The girls have only their love for one another to hold them together and keep them afloat in this cesspool of a life. Interestingly, Cammie loves TV soap operas, which a friend tells her "aren't real." Yet, ironically, the movie exaggerates its characters more than we'd find in any television soap. Particularly droll is one eccentric character named Stymie (David Alan Grier, a co-writer of the script), who hangs out at a bar all day speaking in sudden high-pitched staccato bursts.
"The Poker House" takes a rather long time meandering lazily from one event to the next, telling a familiar tale that one can easily see unfolding ahead of time, without a lot happening until the inevitable climax involving Agnes and Duval. Moreover, Ms. Petty has a penchant for slow, protracted shots that do little to reveal any character traits we don't already know. Nonetheless, the film moves with a lyrical grace, a poetry that Agnes would no doubt appreciate. More important, Ms. Blair puts in a fine, convincing performance as the uncaring mother, and Ms. Lawrence is so persuasive we must mark her as a rising star. It is her story, her movie, and she's the best thing in it. For this reason alone, "The Poker House" may be worth the watch.
Phase 4 Films present the movie in its original 1.85:1 aspect ratio using an anamorphic transfer, enhanced for widescreen TVs. The image is somewhat rough, with a small degree of noise, grain, and white flecks, yet the roughness tends to complement the film's dark, dour tone. The colors, too, seem gloomy, slightly drained of vitality like the happenings they represent. Definition, though, is fairly good, especially upscaled, and the results seem entirely appropriate to the nature of the film.
The audio engineers offer the soundtrack in Dolby Digital 5.1 and, for reasons unknown, in 2.0 stereo. Not that there is a lot to choose between them. I listened in 5.1, but it might as well have been two-channel stereo. There is a restricted spread across the front speakers, only occasionally opening up to something wider depending on the nature of the background music playing. What's more, there is little activity in the surround channels. What works best is the smooth, clear midrange response, which serves the dialogue comfortably.
The primary bonus item is an audio commentary by writer-director Lori Petty. In it, Ms. Petty reveals a greater level of insight than anything the movie provides, so at least we can see what her intentions were, even if she didn't always succeed in producing a movie as unique as she'd probably have liked.
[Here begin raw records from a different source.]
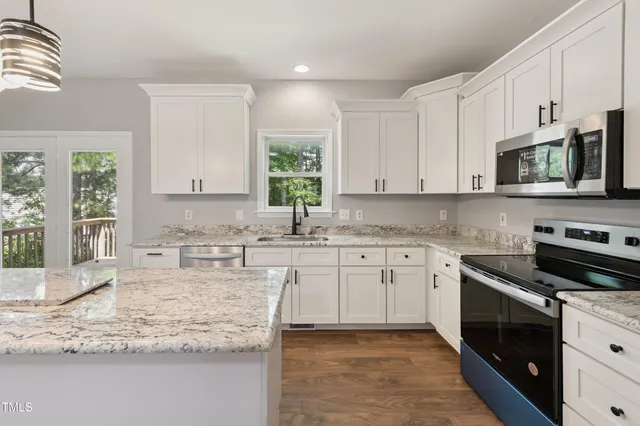 a kitchen with kitchen island granite countertop a stove a sink and white cabinets with wooden floor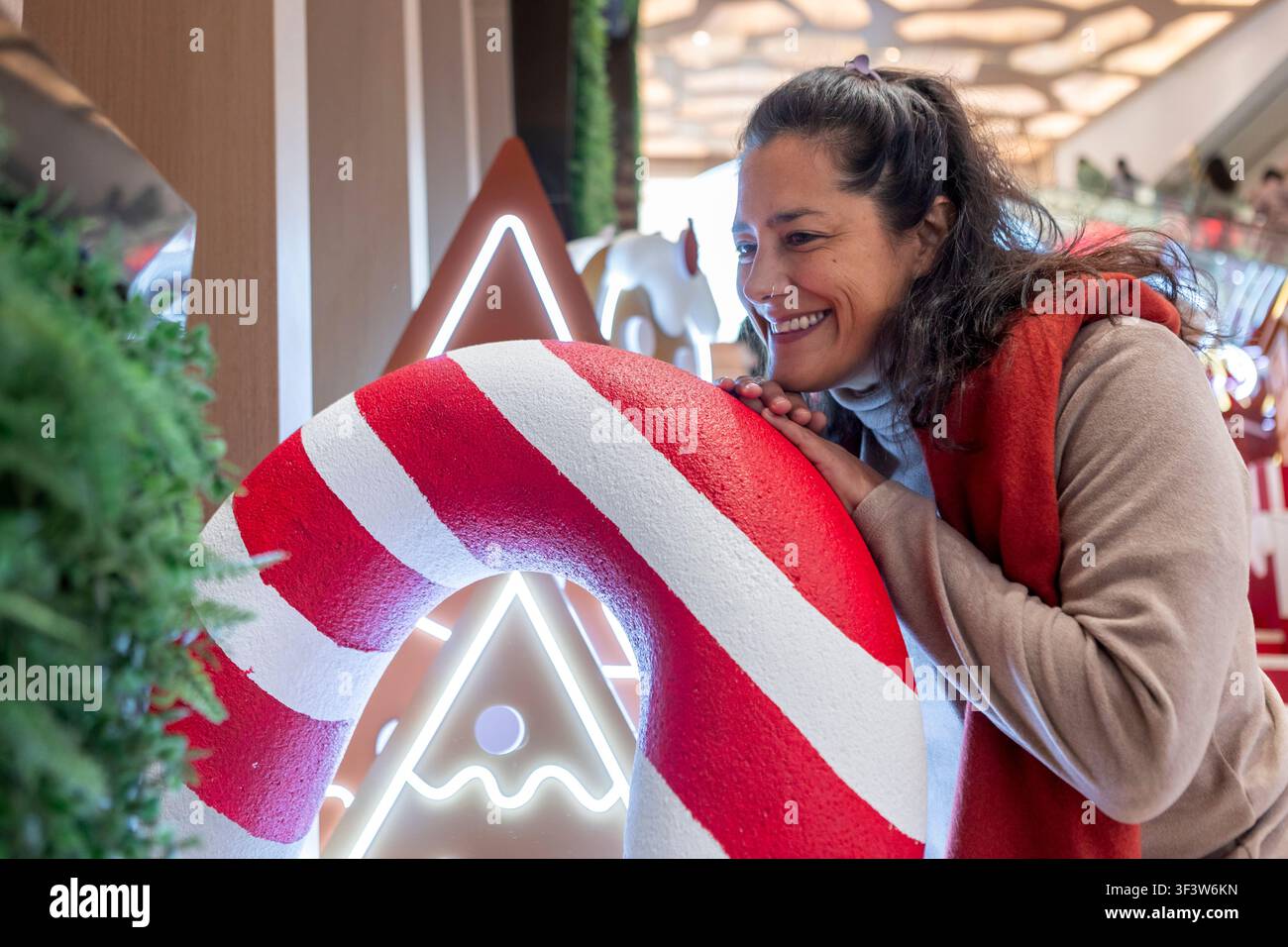 Lächelnde Frau lehnt sich an eine riesige rote und weiße Zuckerstangen-Dekoration auf einem festlichen Weihnachtsmarkt in China, mit leuchtenden Lichtern und fröhlicher Weihnachtsstimmung Stockfoto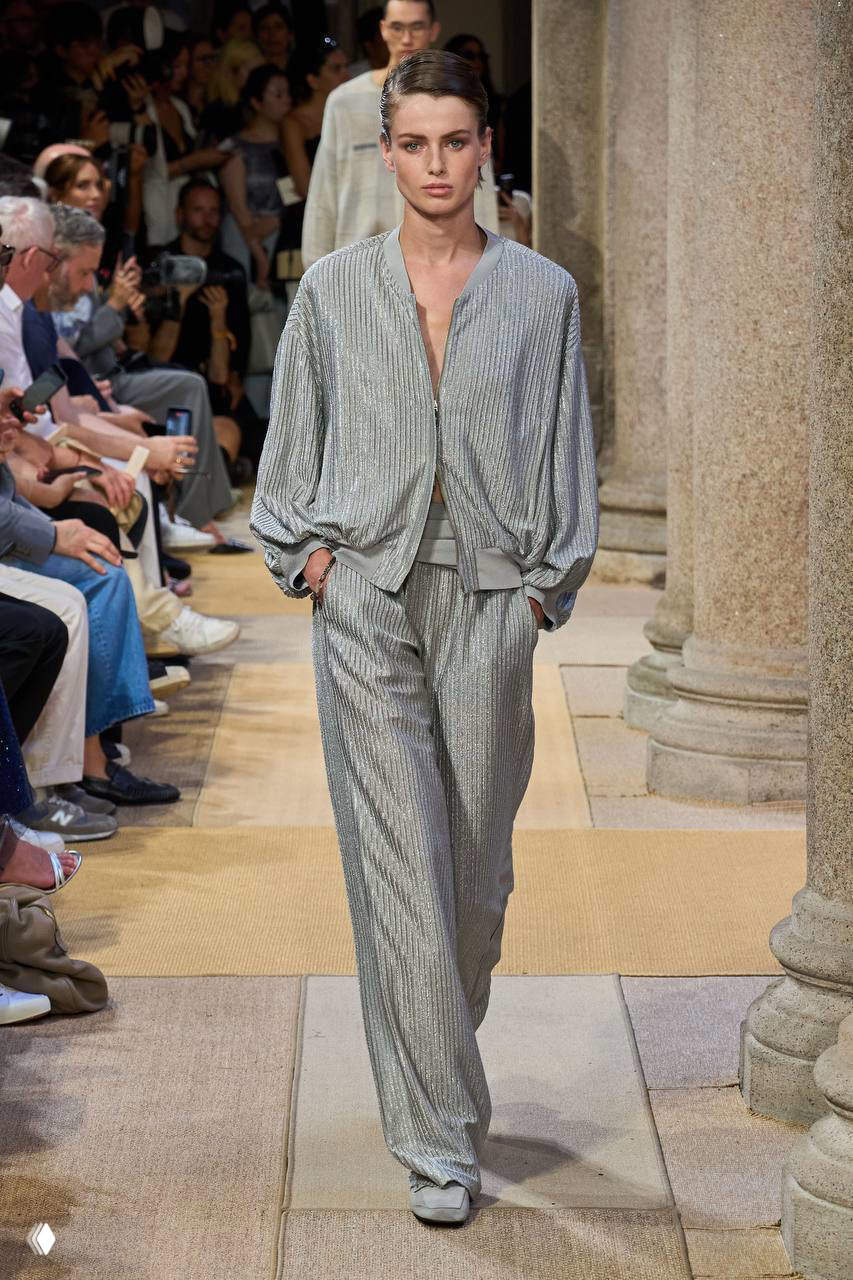 Женская модель в серебристом текстурном костюме идёт по дорожке показа Giorgio Armani в окружении зрителей и колонн исторического зала Милана.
After the commentary are twelve scene selections, a brief photo-gallery montage, a non-anamorphic widescreen trailer, several trailers at start-up only, English as the spoken language, and Spanish subtitles.
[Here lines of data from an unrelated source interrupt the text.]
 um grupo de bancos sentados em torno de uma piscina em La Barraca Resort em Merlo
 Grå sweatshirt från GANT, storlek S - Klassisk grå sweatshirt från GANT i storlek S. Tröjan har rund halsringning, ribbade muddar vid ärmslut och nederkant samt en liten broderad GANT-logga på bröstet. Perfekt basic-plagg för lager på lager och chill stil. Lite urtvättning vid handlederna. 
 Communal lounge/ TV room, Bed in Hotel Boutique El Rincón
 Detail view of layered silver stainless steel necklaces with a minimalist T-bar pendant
The movie's epilogue reads, "Agnes left Iowa for New York City to become an artist. Twenty years later she wrote and directed this film." Well, of course, we saw that coming from the beginning of the picture. "The Poker House" is a very personal film, told in a very personal manner, and its author's individual touches are everywhere evident.
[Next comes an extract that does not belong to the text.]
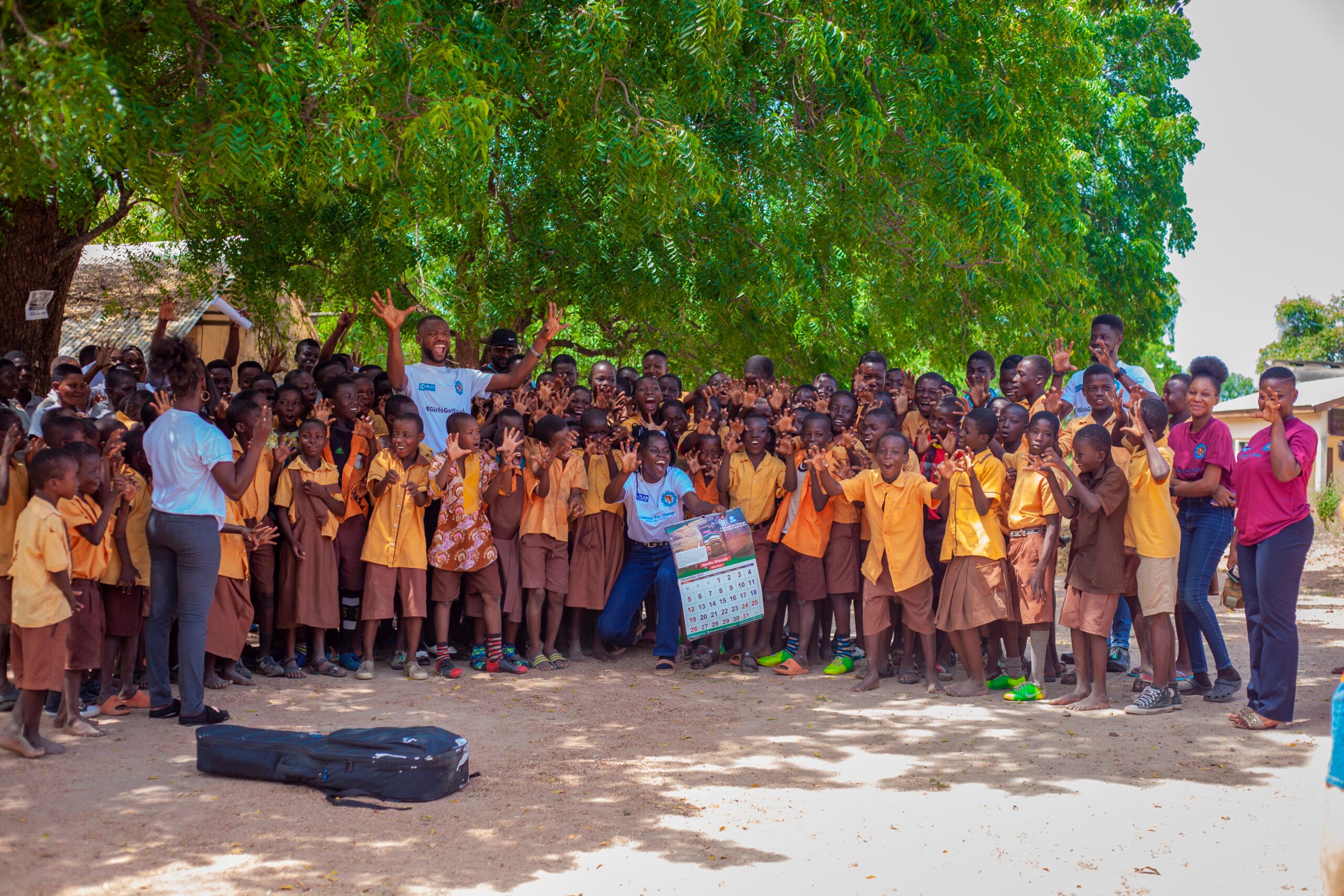 Students pose for a group picture with Wiyaala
Note, however, that "The Poker House" is also a largely depressing film on a depressing subject, with a plot that unfolds quite predictably, so it's no wonder the film saw only limited screenings before making its DVD debut. Nevertheless, as I've said, the acting is so consistently engaging, especially from Lawrence and Blair, that a viewer cannot help but feel compassion for the youngsters trapped amidst seemingly hopeless conditions. That the youngsters make it out at all is one of the great joys of the movie.